March 30, 2005 – Much to be Thankful For
March 30, 2005 – Much to be Thankful For
In the year our oldest daughter ME was born, the United States saw such public carnage as to make a nation weep. Before her second month of birth, ME’s young world saw the assassination of Martin Luther King at the black-owned Lorraine Hotel in Memphis, Tennessee. After a week of calm, all hell broke loose across the country as blacks rioted in major cities, including Washington DC. Time magazine for the week of April 19th report 5,117 fires, 1,928 homes and shops wrecked or ransacked, and 23,987 arrests throughout the nation. I was working two jobs at the time, one during the day at Goddard Space Flight Center in Greenbelt, Maryland and a second evening job at Montgomery Ward Department story in (TK), troubleshooting newly delivered television sets that failed to operate when shipped to customers.
When we thought some calm had been restored, another assassination shocked our psyche again. Shortly after midnight on June 5, 1968, presidential candidate and Democrat Senator from New York, Robert Kennedy was gunned down in the kitchen of the Ambassador Hotel in Los Angeles by a young Palestinian Sirhan B. Sirhan.
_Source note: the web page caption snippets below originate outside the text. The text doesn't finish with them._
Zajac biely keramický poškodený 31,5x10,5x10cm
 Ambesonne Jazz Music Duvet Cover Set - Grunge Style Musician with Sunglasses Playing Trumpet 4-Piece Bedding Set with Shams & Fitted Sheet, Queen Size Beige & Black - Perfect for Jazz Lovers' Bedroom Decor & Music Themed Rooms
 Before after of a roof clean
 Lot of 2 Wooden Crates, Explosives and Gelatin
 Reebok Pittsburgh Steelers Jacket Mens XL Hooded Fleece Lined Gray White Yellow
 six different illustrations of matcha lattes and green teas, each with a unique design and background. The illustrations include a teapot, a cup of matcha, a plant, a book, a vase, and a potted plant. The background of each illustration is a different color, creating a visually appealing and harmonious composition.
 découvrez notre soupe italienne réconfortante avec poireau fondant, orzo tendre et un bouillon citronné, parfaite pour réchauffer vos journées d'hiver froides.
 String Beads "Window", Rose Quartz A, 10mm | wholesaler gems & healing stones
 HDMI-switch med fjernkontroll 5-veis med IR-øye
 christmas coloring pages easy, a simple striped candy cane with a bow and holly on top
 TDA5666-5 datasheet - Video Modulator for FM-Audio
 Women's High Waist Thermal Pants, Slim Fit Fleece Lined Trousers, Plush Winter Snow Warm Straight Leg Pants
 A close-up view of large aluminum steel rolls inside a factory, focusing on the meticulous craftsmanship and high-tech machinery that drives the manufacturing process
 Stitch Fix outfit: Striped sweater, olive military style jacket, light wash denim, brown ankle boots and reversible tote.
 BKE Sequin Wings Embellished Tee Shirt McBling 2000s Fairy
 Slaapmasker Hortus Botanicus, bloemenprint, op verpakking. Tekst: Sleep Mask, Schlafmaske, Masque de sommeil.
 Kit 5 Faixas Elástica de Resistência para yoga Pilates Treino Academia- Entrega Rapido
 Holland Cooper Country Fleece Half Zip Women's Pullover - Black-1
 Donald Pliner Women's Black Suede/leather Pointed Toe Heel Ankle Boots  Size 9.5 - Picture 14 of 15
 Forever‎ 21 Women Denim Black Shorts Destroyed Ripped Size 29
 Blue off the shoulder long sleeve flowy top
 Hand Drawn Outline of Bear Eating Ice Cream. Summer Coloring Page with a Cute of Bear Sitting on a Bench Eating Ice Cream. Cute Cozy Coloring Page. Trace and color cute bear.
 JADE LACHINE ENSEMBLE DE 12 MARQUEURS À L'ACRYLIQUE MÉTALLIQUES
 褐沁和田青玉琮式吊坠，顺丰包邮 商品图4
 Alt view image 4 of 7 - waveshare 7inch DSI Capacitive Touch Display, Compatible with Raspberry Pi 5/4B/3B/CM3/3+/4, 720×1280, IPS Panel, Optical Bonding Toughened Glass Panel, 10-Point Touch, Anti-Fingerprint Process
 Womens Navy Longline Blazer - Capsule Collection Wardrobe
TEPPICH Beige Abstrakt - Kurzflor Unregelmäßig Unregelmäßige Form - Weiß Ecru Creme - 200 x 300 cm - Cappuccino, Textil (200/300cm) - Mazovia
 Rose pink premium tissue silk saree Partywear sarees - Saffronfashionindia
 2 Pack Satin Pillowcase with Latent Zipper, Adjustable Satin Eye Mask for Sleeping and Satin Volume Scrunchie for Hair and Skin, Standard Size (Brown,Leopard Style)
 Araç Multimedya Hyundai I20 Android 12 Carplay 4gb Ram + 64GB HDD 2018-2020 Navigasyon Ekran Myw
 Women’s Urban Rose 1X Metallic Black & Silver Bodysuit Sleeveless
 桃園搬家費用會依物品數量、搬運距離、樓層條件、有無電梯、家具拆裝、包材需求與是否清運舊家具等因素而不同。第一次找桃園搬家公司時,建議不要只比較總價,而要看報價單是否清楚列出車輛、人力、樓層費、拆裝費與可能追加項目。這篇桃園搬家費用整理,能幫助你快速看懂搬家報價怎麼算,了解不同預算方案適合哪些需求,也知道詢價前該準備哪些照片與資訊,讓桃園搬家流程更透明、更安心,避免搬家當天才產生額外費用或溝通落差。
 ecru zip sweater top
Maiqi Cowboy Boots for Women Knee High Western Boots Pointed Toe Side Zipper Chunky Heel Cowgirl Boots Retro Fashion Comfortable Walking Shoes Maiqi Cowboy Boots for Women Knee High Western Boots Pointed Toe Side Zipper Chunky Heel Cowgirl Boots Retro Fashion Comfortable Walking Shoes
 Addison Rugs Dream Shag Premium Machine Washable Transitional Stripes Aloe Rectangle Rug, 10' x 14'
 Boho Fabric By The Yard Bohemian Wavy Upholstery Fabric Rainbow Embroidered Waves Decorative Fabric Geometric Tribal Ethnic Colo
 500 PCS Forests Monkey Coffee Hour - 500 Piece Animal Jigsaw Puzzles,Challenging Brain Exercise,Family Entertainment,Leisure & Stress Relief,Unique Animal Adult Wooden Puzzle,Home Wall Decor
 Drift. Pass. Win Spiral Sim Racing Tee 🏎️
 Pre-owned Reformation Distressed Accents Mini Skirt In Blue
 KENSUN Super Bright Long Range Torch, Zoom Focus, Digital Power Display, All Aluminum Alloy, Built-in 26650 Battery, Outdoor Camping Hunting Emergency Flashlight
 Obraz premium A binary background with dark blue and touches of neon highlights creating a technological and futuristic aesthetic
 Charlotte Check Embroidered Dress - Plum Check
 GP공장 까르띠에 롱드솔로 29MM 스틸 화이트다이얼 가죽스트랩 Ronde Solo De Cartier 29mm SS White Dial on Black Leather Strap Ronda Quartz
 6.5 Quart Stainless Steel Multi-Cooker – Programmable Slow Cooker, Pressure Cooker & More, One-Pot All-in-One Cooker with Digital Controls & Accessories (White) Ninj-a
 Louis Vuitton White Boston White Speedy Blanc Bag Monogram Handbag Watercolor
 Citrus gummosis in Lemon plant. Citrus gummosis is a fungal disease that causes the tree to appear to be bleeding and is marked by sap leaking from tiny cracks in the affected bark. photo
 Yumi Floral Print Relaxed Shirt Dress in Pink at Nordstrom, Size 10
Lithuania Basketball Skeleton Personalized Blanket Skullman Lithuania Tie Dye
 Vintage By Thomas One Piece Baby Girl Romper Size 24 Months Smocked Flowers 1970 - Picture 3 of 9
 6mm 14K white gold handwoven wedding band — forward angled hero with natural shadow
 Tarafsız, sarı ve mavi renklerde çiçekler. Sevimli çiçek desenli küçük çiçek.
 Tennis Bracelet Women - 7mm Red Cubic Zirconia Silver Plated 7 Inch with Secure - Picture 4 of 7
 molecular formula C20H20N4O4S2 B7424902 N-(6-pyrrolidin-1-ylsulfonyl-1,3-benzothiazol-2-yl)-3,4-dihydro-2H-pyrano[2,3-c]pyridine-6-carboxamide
Life as depicted in the evening news was becoming some bad thriller where the villain kept up this relentless pace of one frightening, nerve-racking atrocity after another and the viewer is left powerless to do anything about it. ME participated in the national grief, young and completely unaware as she was. On June 8th the 21-car funeral train carrying Robert Kennedy’s body from New York City, left Penn Station, en route to Union Station in Washington D.C. Four hours behind schedule, the train passed through Landover, Maryland and ME, my wife IM and me along with nearly everyone else in Landover, stood beside the track and paid our respects. The slain Senator’s body was in the last car.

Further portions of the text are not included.